"Dig dig dig build build build" is the mantra in Minecraft, the indie game that has taken the internet by storm for almost 2 years now. Initially I was going to write a post called "WTF is Minecraft" because up until a few days ago I really had no idea why the hell this game was so popular.
I've been hearing on and off about it for a long time but after seeing glimpses of its 8-bit-like graphics my interest never flared, up until last week when I read this article about how Minecraft's dev, originally a single guy, later 2 guys and currently a small team of about 5 people, made an estimated $32 million in sales. And the damn game is still in beta!

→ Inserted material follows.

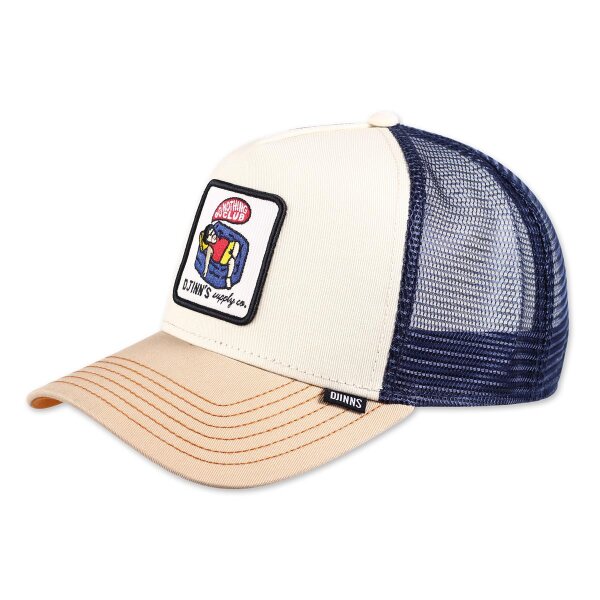 Djinns HFT Cap DNC New 1.2 Cream/Khaki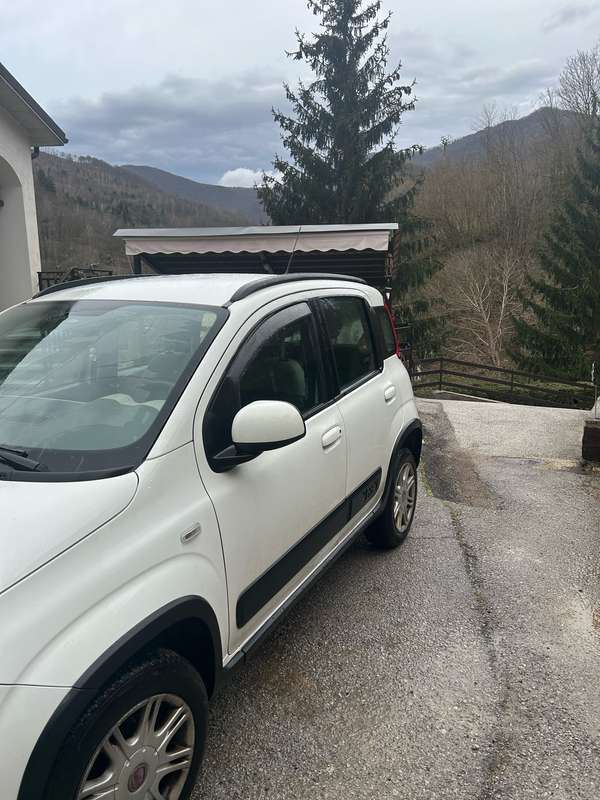 Usato 2014 Fiat Panda 4x4 1.2 Diesel 75 CV (8.500 €)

So I thought to myself, if so many geeks are playing this game, there must be something to it. (Note: this line of reasoning doesn't apply to Facebook, Angry Birds, Farmville and other similar rubbish)
I fired up Youtube, watched a few gameplay videos, including this totally awesome fan-made music trailer and, after trying the game out for myself, I was hooked.
A couple of days later, I'm addicted. WoW? What's WoW? This is the new WoW.
It's nothing like WoW, of course. What it is, is a sandbox game which generates a random world composed from tiles (cubes rather) arranged in a grid. An enormous grid. It allows you to "dig" through the ground, through trees, essentially almost any type of material which makes up the world, collect those mats and then use them to build anything your imagination can conceive.
I am over-simplifying because there are 2 versions of the game: Classic which is free and Beta (lol) which is paid. At $20 I've already got my money's worth for the countless hours I've played. Classic gives you unlimited materials and you can just focus on building stuff, while in Beta you need to collect those mats yourself by digging and, if you so choose, you can make the game harder by enabling monsters which come out at night in dark places. By monsters I mean, of course, zombies and skeletons.
While Classic might sound like the better way to play, Beta is a lot more fun because it gets you to dig. And digging, for me at least, is tons of fun. You can dig a long way down, but not forever. There's a set distance between sea level and bedrock, which is several layers of impenetrable tiles.
To dig, you need some tools which you can create by combining various mats in patterns in a 3x3 crafting cube. The patterns are a genius idea. If you want an axe, you can arrange some sticks and stone/iron/etc in a shape resembling an axe and you get your axe. Again, I'm over-simplifying but I just wanted to give an idea of how crafting works.
While digging, you'll come across various minerals, some more precious than others. You can find coal (useful for making torches which light up the dark), iron ore (useful for making tools among other things), and diamonds which are the subject of the video I linked above. It seems that everybody is looking for diamonds because they're very rare and they make the best tools/weapons/armor.
Once you start digging, it's hard to stop. You will end up creating vast hallways, immense chambers and deep shafts. You will discover random caves, underground water streams and lakes, and dangerous lava. Digging in Minecraft is a perpetual journey of discovery. In my short time in the game I've dug a huge shaft all the way to bedrock, with a winding spiral staircase along the inside walls and a center pillar which goes all the way from top to bottom and has a ladder for quick access. Now I'm concentrating on strip-mining at the bottom of the shaft, in search of diamonds.
On the surface, I've built a huge tower, with a winding staircase, all the way to the clouds. From there, I've created skyways to various sections of my island.
Building stuff in Minecraft is cool thanks to the game's physics and the way various blocks interact. Most blocks just "stick" to each other when placed together. They don't need any support from below once you've placed them. This allows you to build the craziest stuff you can imagine. I saw a video on Youtube of a full-scale model of the starship Enterprise created by a guy with a lot of talent but also too much free time on his hands.
There's a lot more to Minecraft than what I managed to summarize here. A huge online community produces mods, hosts multiplayer servers, creates texture packs and other stuff. The randomly generated world looks strangely beautiful in all its Legoland-like glory. The blockiness and low-res textures are features, not negatives. I would suspect the graphics allow Minecraft to run on even the lowest-spec machines.
After a few days I'm hopelessly addicted to Minecraft. WoW is the farthest thing on my mind right now, sorry about that WoW fans. I'm curious how long my new obsession will last. I just want to build crazy stuff and burrow deep into the earth like a demented dwarf, so sue me.
Minecraft shows that an independent designer can really strike it rich with simple, yet /deep/ gameplay. It also emphasizes - and this is especially poignant in this day and age - that graphics aren't everything in a game. If the gameplay is kick-ass, it will more than make up for the lack of modern graphics. People-complaining-about-WoW's-graphics I'm looking at you! How long this Minecraft thing will last, no one knows. All I know is, it's a lot of fun, and now I'm off to dig dig dig and build build build some more!